To understand what makes World structurally different, start with what it is not. It is not a custodial exchange. World does not hold user funds or operate markets directly. Instead, it routes orders to liquidity providers on Solana while traders retain positions as tokens in their own wallets. Settlement is automated through Chainlink Data Streams and its runtime environment, resolving outcomes with minimal human intervention. That means winners collect in CASH automatically — no manual redemption, no waiting for human arbiters. This is a meaningful UX upgrade over the previous setup that Phantom offered via DFlow and Kalshi, which required traders to redeem winning positions themselves.
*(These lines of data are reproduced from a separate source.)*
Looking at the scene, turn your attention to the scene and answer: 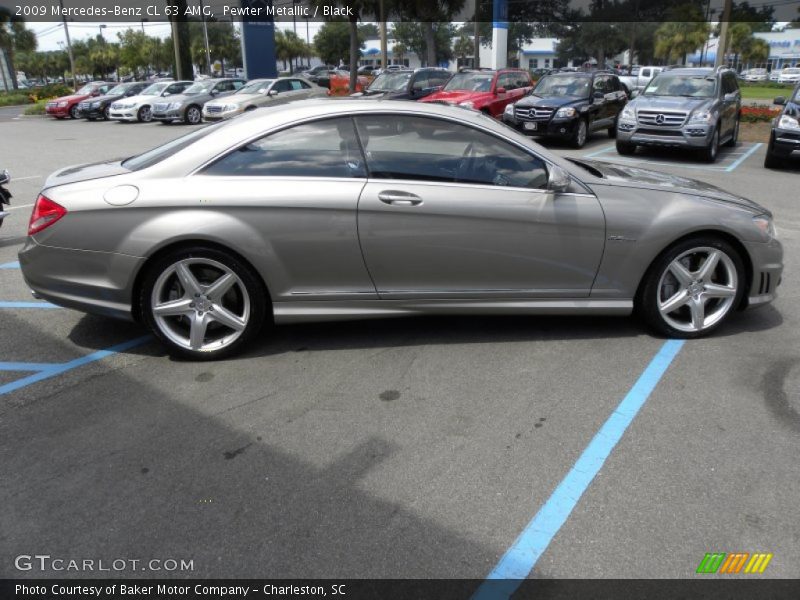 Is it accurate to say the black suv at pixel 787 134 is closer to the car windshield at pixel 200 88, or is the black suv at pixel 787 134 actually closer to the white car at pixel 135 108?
the car windshield at pixel 200 88

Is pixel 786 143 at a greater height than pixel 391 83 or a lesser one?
lesser

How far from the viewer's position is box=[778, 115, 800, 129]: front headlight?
11.7 m

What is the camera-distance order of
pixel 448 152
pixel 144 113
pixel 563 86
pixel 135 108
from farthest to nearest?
pixel 144 113, pixel 135 108, pixel 563 86, pixel 448 152

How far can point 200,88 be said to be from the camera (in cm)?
2600

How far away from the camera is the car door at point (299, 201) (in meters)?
4.05

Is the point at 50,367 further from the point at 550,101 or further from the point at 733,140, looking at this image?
the point at 733,140

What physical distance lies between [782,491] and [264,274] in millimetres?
3029

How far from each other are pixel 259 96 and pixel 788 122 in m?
16.0

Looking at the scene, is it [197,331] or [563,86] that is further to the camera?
[563,86]

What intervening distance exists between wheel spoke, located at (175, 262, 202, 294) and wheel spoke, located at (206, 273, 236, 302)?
0.07 meters

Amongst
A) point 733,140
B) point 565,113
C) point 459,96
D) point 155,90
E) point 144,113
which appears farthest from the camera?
point 155,90

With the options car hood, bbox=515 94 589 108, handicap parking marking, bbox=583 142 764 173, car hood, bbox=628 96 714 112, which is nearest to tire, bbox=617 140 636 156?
handicap parking marking, bbox=583 142 764 173

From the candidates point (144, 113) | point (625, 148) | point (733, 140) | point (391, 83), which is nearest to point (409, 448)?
point (625, 148)

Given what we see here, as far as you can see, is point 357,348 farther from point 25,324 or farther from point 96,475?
point 25,324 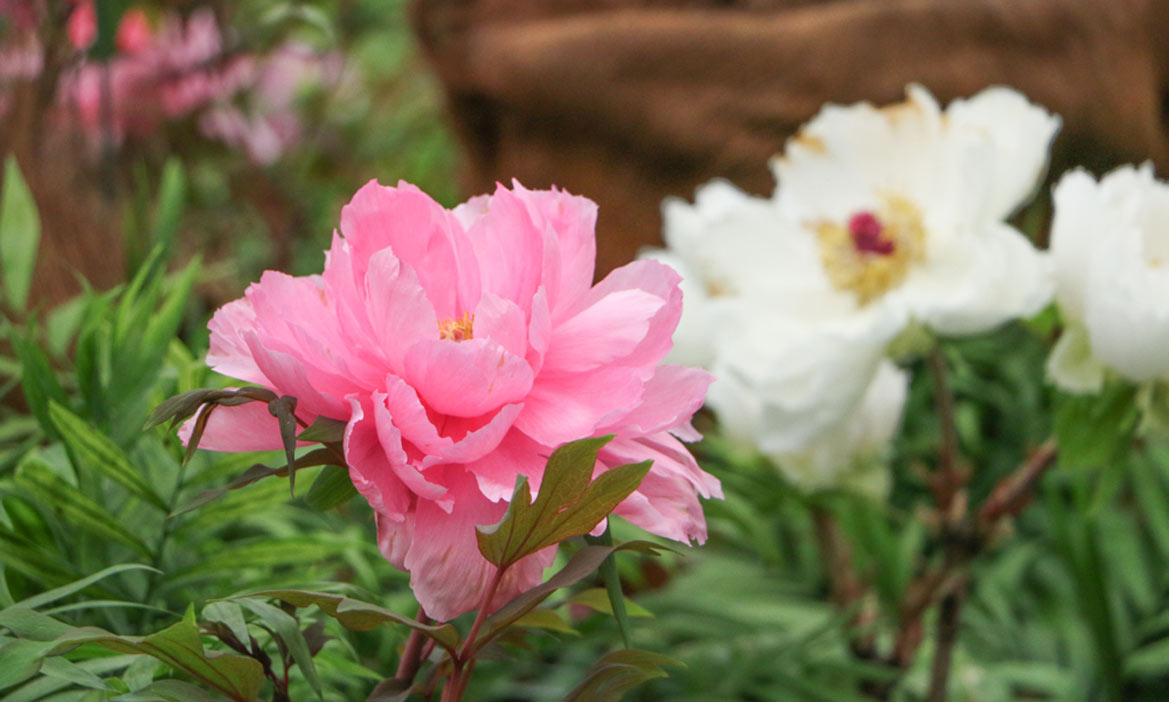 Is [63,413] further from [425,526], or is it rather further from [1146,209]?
[1146,209]

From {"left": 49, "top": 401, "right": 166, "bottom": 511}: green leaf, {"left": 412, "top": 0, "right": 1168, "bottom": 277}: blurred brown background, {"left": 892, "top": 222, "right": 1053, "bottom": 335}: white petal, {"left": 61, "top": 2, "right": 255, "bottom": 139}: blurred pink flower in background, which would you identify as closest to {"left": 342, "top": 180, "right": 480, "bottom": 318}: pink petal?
{"left": 49, "top": 401, "right": 166, "bottom": 511}: green leaf

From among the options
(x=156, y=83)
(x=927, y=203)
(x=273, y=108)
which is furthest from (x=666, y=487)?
(x=273, y=108)

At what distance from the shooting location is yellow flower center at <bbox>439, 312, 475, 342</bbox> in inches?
8.0

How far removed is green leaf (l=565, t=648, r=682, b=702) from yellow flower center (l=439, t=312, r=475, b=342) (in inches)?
2.7

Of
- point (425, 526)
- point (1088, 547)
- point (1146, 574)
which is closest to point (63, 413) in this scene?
point (425, 526)

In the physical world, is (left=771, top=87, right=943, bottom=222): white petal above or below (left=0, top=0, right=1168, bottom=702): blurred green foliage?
above

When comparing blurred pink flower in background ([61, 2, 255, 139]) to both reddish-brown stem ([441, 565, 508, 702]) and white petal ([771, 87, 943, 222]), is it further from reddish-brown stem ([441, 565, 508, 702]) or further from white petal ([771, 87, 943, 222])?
reddish-brown stem ([441, 565, 508, 702])

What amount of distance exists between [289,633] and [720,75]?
656mm

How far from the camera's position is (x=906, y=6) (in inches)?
28.0

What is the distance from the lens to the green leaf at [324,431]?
0.17m

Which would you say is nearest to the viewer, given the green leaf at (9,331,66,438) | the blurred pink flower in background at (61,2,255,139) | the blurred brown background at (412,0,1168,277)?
the green leaf at (9,331,66,438)

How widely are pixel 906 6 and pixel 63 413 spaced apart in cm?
63

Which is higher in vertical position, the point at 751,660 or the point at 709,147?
the point at 709,147

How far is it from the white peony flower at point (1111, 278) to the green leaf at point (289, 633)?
0.85 ft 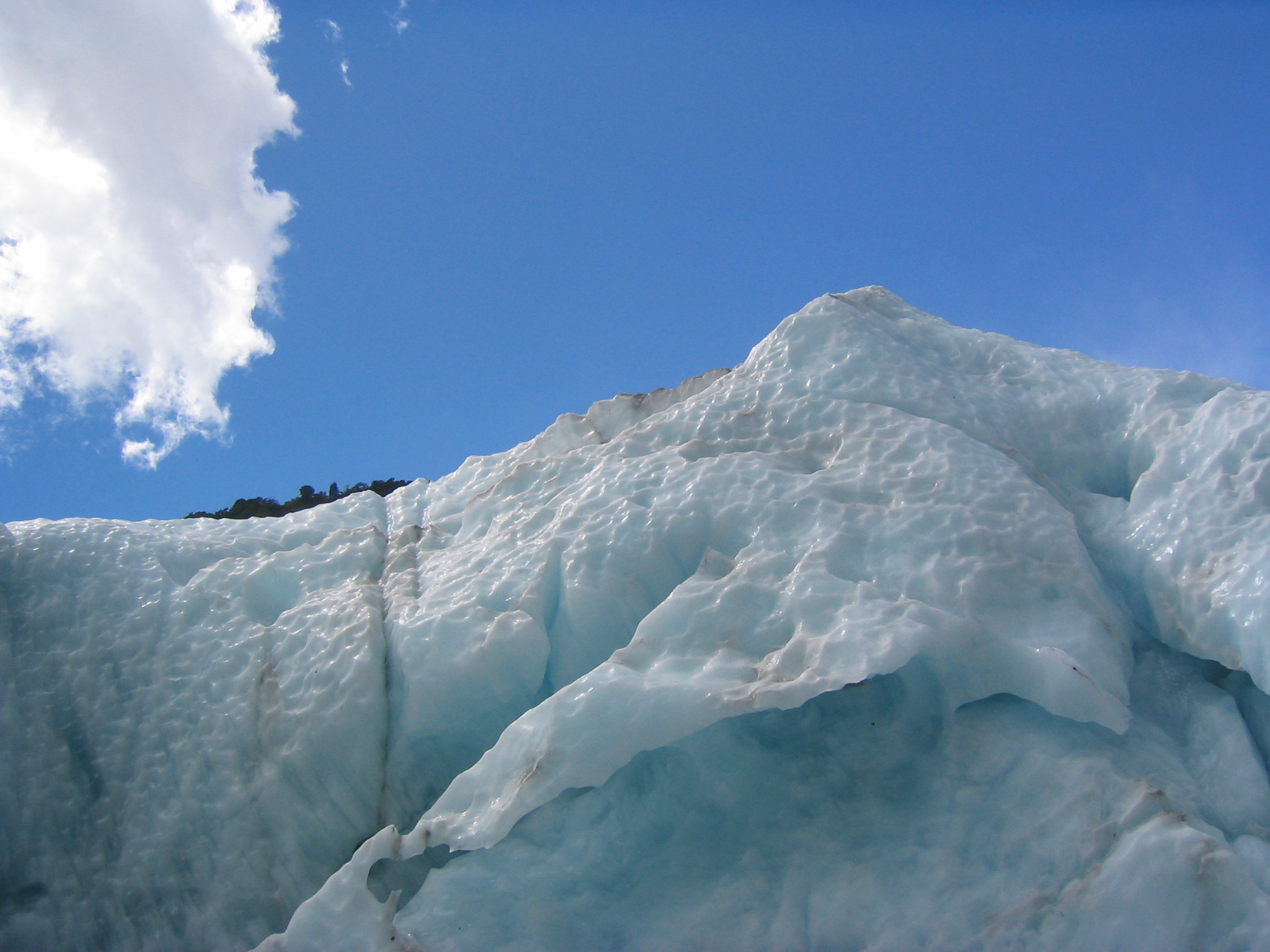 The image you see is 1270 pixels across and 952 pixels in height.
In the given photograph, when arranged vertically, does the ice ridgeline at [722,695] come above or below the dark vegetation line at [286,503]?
below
That transition — from Kalshi-powered markets integrated through DFlow starting December 2025, to World handling all positions opened from June 1 onward — is perhaps the most underreported part of this story. It signals that Phantom made a deliberate architectural choice, not just a vendor swap. And because Phantom reaches roughly 20 million users, World inherited an audience that most crypto startups spend years trying to build. Distribution at that scale is a genuine competitive asset, arguably the most powerful one World currently holds.
The debut markets reflect a cautious but strategically smart scope: short-duration Bitcoin up-or-down contracts and markets tied to the 2026 FIFA World Cup. Both categories offer high engagement with a broad user base. The team has announced plans to expand into sports, politics, and macro markets through July — a roadmap that mirrors the categories driving volume on rival platforms. For context, Solana's SOL token rose more than 5% on launch day and approximately 16% over the prior week, according to BeInCrypto data — a favorable macro tailwind that likely boosted visibility.
The competitive landscape, however, is unforgiving. Polymarket demonstrated the scale this sector can reach: over $3 billion traded on its US presidential election market alone in 2024. It has since extended onto Solana through a February 2026 integration with Jupiter, meaning it is already contesting the exact ground World is entering. Kalshi, meanwhile, operates as a US-regulated exchange that successfully challenged the CFTC in court in 2024 to list election contracts and is reportedly weighing a $40 billion valuation. Both incumbents carry structural moats — deep order books, brand recognition, and either regulatory legitimacy or proven offshore scale.
World's positioning is deliberately permissionless: no license, no gatekeeper, no custodian. That is the Solana ethos translated into market structure. Pedro Miranda, Head of Consumer at the Solana Foundation, framed it clearly at launch: «Prediction markets are one of the most powerful applications you can build on a high-performance blockchain. World is designed to show what Solana makes possible: real-time markets, onchain settlement, and a user experience that meets people where they are.»
That freedom, however, carries real trade-offs. Permissionless protocols remove intermediaries, but they also forfeit the regulatory protections that give venues like Kalshi institutional credibility. Polymarket's own history illustrates the risk — the platform paid a $1.4 million CFTC penalty in 2022 that effectively exiled it from US users for years. World has not published volume or liquidity figures, which means its actual market depth remains unproven. In prediction markets, depth matters enormously: thicker order books produce tighter spreads and more reliable pricing, which in turn attract serious capital. Phantom's user base can generate traffic quickly, but converting casual wallet users into committed liquidity providers is a different challenge entirely.
The sector backdrop is genuinely supportive. Prediction market open interest hit a record $1.48 billion in June 2026, according to a16z crypto data, suggesting structural growth rather than a temporary spike. An unaffiliated memecoin using the World name briefly created noise on Pump.fun, but the team clarified there is no connection — a minor distraction, not a structural concern.
The World Cup is the first real stress test. If embedded access inside Phantom translates into sustained trading activity and measurable liquidity, World will have proven that distribution can substitute for legacy infrastructure in the early stages. If it does not, the platform risks becoming a well-designed onramp that never graduates to a serious market venue. For Solana as an ecosystem, the outcome matters beyond a single protocol — it is a referendum on whether the chain can host financial infrastructure that competes with regulated and offshore giants simultaneously.